Could you transcribe exactly the lines below, from the line with "Hopeinen nailonreppu, jossa" through the line with "Xbox 360 Kinect 0", and nothing else, leaving out the pictures?

Stored data entries
Content starts

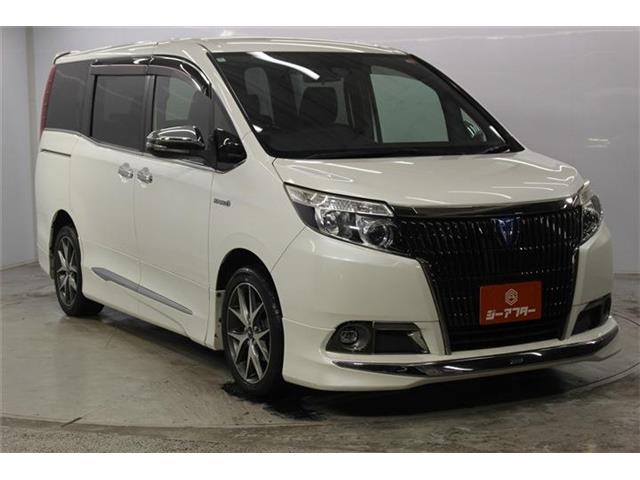 Toyota Esquire 4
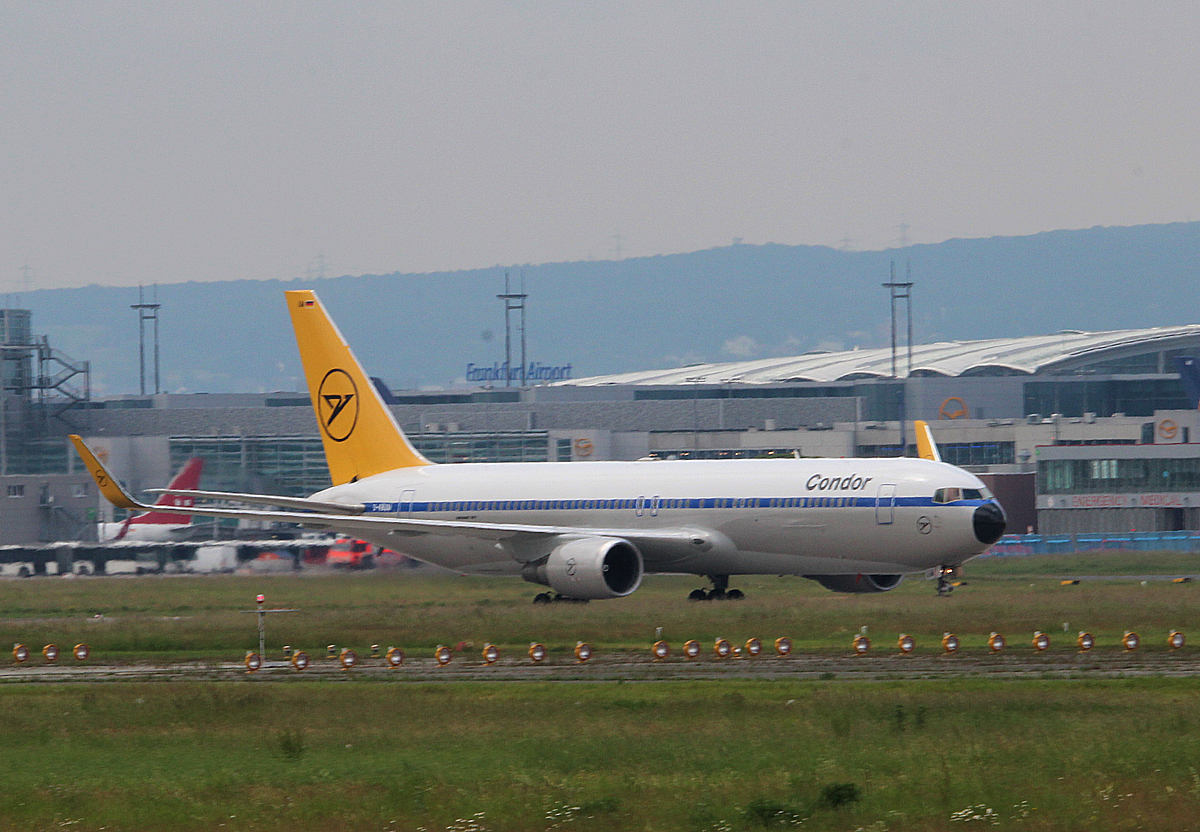 Condor B 767-31B(ER) D-ABUM nach der Landung in Frankfurt am 10.06.2013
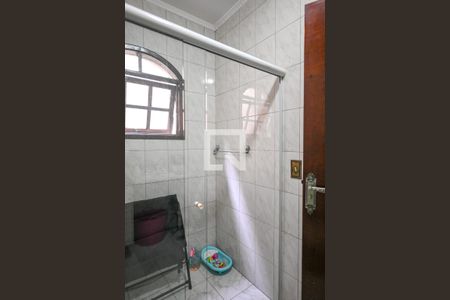 Casa à venda com 188m², 3 quartos e 2 vagasBanheiro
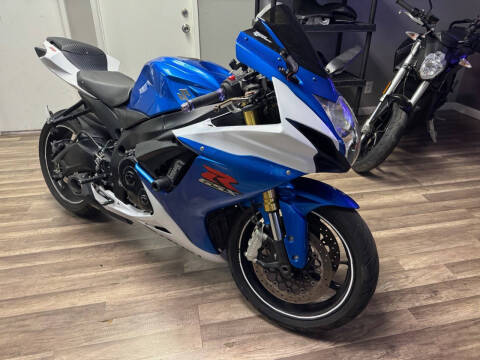 2013 Suzuki GSX-R750 for sale at SAN DIEGO AUTO SALES INC in San Diego CA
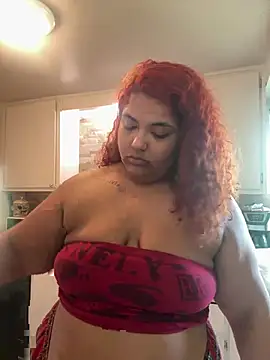 Snapshot of 1n0nlythroat chatting on 04.09.26 1n0nlythroat online show from 04.09.26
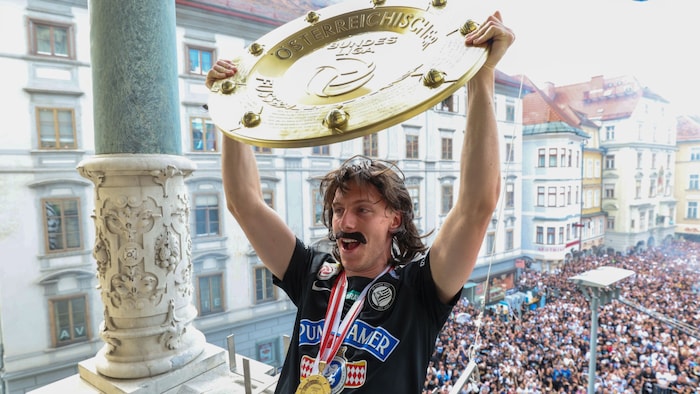Mika Biereth feiert schon mit den Fans.  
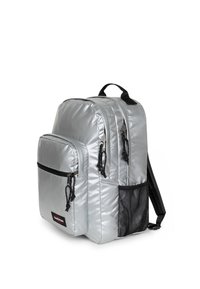 Hopeinen nailonreppu, jossa useita vetoketjullisia lokeroita, mustat yksityiskohdat ja verkkopuolinen sivutasku. Pehmustetut olkaimet mukavuutta varten.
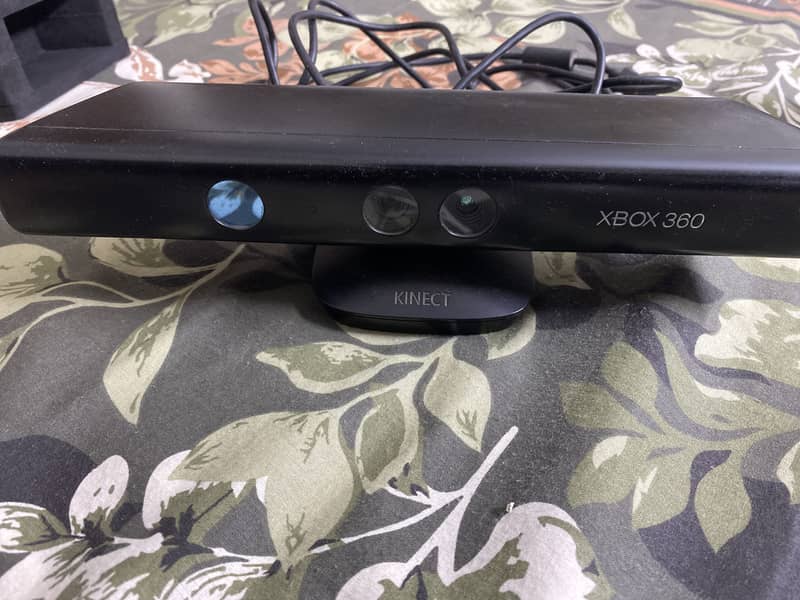 Xbox 360 Kinect 0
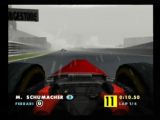 Course sous la pluie dans F1 World Grand Prix II. Schumi sous la pluie devrait bien s'en sortir, il est plutôt fort par ce temps.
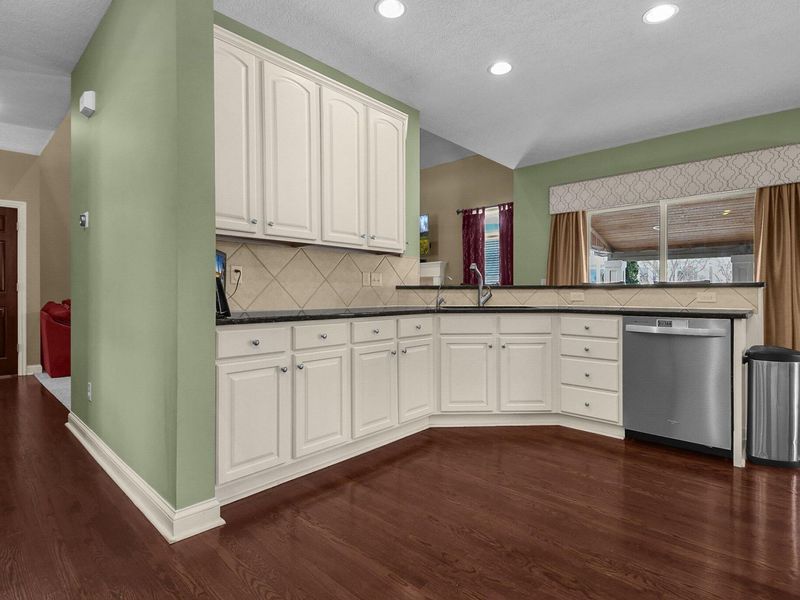 5464 Sandy Drive, Lewis Center, OH 43035 Photo 6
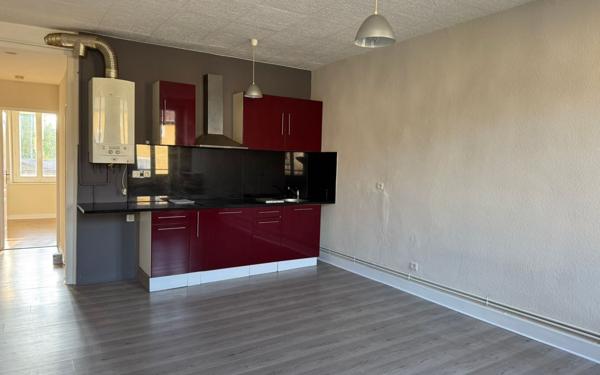 Appartement à louer    2 pièces • 43 m2 Labruguière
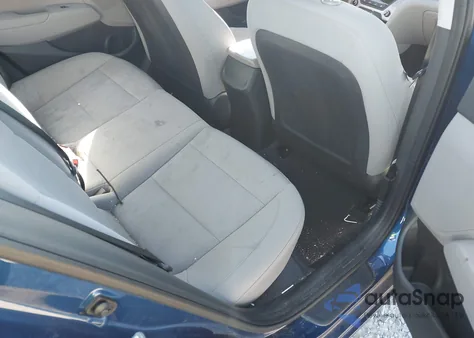 2018 Hyundai Elantra Se from USA, damaged, VIN 5NPD74LF2JH335771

Content ends

### Solved problem
 Hopeinen nailonreppu, jossa useita vetoketjullisia lokeroita, mustat yksityiskohdat ja verkkopuolinen sivutasku. Pehmustetut olkaimet mukavuutta varten.
 Xbox 360 Kinect 0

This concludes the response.